Currently all processes (calcfunctions) have to be toplevel (importable) in modules, otherwise uncachable

Open broeder-j opened this issue 5 years ago • 1 comments

Since is_valid_cache assumes that calcfunctions (all process classes/functions) are top-level (importable) in modules, calcfunctions which are not, become uncacheable. (If I understood this right)

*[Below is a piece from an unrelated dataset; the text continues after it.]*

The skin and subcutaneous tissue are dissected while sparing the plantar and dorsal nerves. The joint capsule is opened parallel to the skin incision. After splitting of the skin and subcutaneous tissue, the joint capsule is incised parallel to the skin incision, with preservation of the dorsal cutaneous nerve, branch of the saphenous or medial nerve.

I had classes of the following design to keep the provenance:

XY.py

def class XY:
    
    def function_x(self, *args, **kwargs):
        do something
        call function_for_provenance(AiiDA_datatypes)
    
    @calcfunction
    def function_for_provenance(AiiDA_datatypes):
        do stuff

Caching does not seem to work in these cases and will throw errors of the type:

File "/aiida-core/aiida/orm/nodes/process/process.py", line 485, in is_valid_cache
    process_class = self.process_class
  File "/aiida-core/aiida/orm/nodes/process/process.py", line 126, in process_class
    process_class = getattr(module, class_name)
AttributeError: module '....XY' has no attribute 'function_for_provenance'

A solution is of course to put calcfunctions out of classes and make them top level and importable, which should be always possible I guess. If this enforcement is wanted, this should be documented in the developer guide and caching sections.

I have not thought about if is_valid_cache implementation can be changed to allow for this, do we even want to? @greschd what do you think?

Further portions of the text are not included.